# k-Nearest Neighbors (kNN)
This Jupyter notebook summarizes the <a href=#pros>Pros</a> and <a href=#cons>Cons</a> of the k-Nearest Neighbors algorithm and gives two Python examples on usage for <a href=#clas>Classification</a> and <a href=#reg>Regression</a>. 

## Theory<sup>1,2,3</sup>  
* Is a non-probabilistic, non-parametric and instance-based learning algorithm (see <a href=#reference>References</a>:
    * **Non-parametric** means it makes no explicit assumptions about the function form of _h_, avoiding the dangers of mis-modelling the underlying distribution of the data
        * For example, suppose our data is highly non-Gaussian but the learning model was choose assumes a Gaussian form. In that case, a parametric algorithm would make extremely poor predictions.
    * **Instance-based** learning means that the algorithm does not explicitly learn a model
        * Instead, it chooses to memorize the training instances which are subsequently used as "knowledge" for the prediction phase
        * Concretely, this means that only when a query to our database is made (i.e., when we ask it to predict a label given an input), will the algorithm use the training instances to predict the result

### Pros<a name="pros"/> 
* **simple** to understand and implement
* with **little to zero training time**
* kNN **works just as easily with multi-class data** sets whereas other algorithms are hard-coded for the binary setting
* the non-parametric nature of kNN gives it an edge in certain settings where the data may be highly unusual, thus **without prior knowledge on distribution**

### Cons<a name="cons"/> 
* **computationally expensive** testing phase
    * we **need to store the whole data set for each decision**!
* can **suffer from skewed class distributions**
    * for example, if a certain class is very frequent in the training set, it will tend to dominate the majority voting of the new example (large number = more common)
* the accuracy can be severally **degraded with high-dimension data** because of the little difference between the nearest and farthest neighbor
    * **the curse of dimensionality** refers to various phenomena that arise when analyzing and organizing data in high-dimensional spaces that do not occur in low-dimensional settings such as the three-dimensional physical space of everyday experience
    * for high-dimensional data (e.g., with number of dimensions more than 10) **scaling** and **dimension reductions** (such as PCA) is usually performed prior applying kNN
    
### References<a name="reference"/>  
* <sup>1</sup>Wikipedia [kNN](https://en.wikipedia.org/wiki/K-nearest_neighbors_algorithm), [Curse of dimensionality](https://en.wikipedia.org/wiki/Curse_of_dimensionality) 
* <sup>2</sup>Sklearn [KNeighborsClassifier](https://scikit-learn.org/stable/modules/generated/sklearn.neighbors.KNeighborsClassifier.html), [KNeighborsRegressor](https://scikit-learn.org/stable/modules/generated/sklearn.neighbors.KNeighborsRegressor.html)
* <sup>3</sup>[Complete Guide to K-Nearest-Neighbors](https://kevinzakka.github.io/2016/07/13/k-nearest-neighbor)
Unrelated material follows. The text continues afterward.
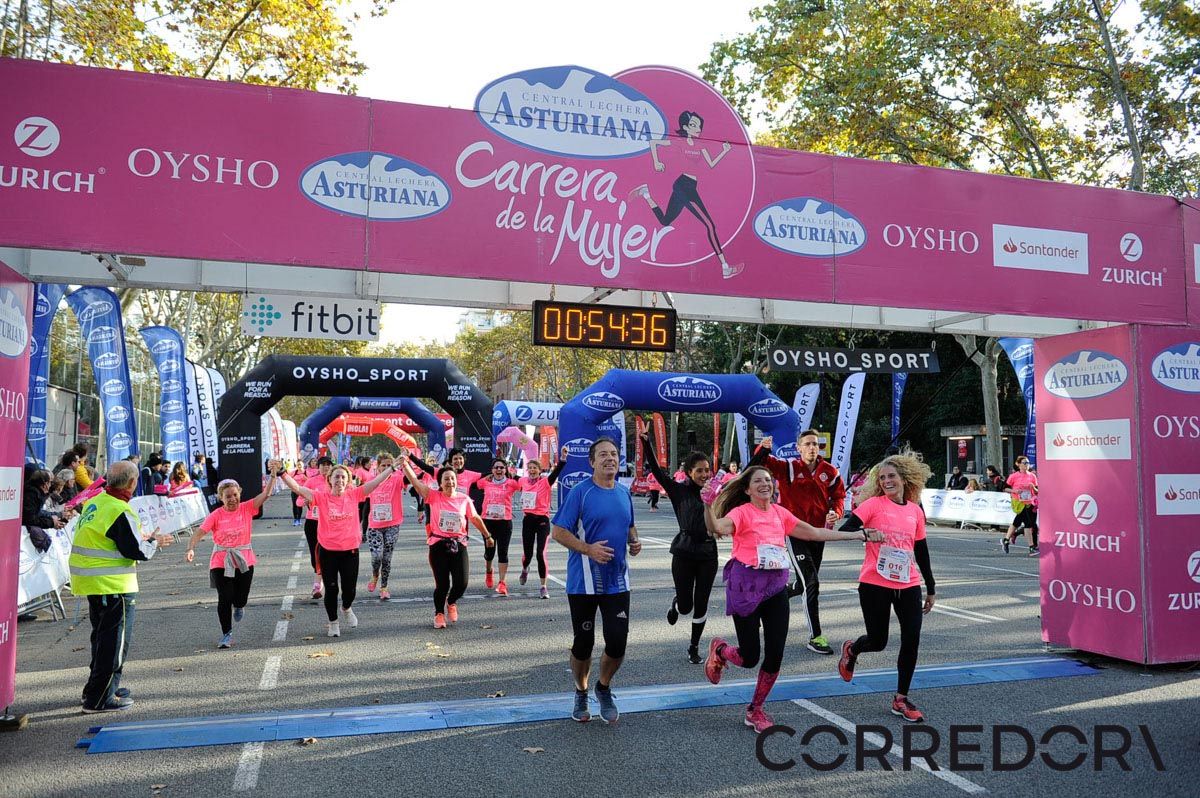 Llegada de la Carrera de la Mujer de Barcelona (ARCO IZQUIERDO 17)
## Classification<a name="clas"/> 
* the output is a class membership
* an object is classified by a **majority vote** of its neighbours, with the object being assigned to the class most common among its k nearest neighbours
    * if k = 1, then the object is simply assigned to the class of that nearest neighbour
    
    
### Example: predict [IRIS](https://scikit-learn.org/stable/datasets/index.html#iris-dataset) class

Set environment

In [None]:
# Scikit-learn
from sklearn import datasets
from sklearn.model_selection import train_test_split, GridSearchCV , cross_val_score
from sklearn.neighbors import KNeighborsClassifier,KNeighborsRegressor
from sklearn.dummy import DummyClassifier, DummyRegressor
from sklearn.metrics import classification_report, mean_squared_error,r2_score, mean_absolute_error,accuracy_score, confusion_matrix
from sklearn.preprocessing import StandardScaler, LabelEncoder, MinMaxScaler
from sklearn.decomposition import PCA
import numpy as np
import pandas as pd
import matplotlib.pyplot as plt
from sklearn.datasets import fetch_california_housing
from sklearn.feature_selection import SelectKBest, f_regression
from sklearn.datasets import load_wine
import seaborn as sns
from sklearn.datasets import load_diabetes

In [None]:
# Use vector drawing inside jupyter notebook
%config InlineBackend.figure_format = "svg"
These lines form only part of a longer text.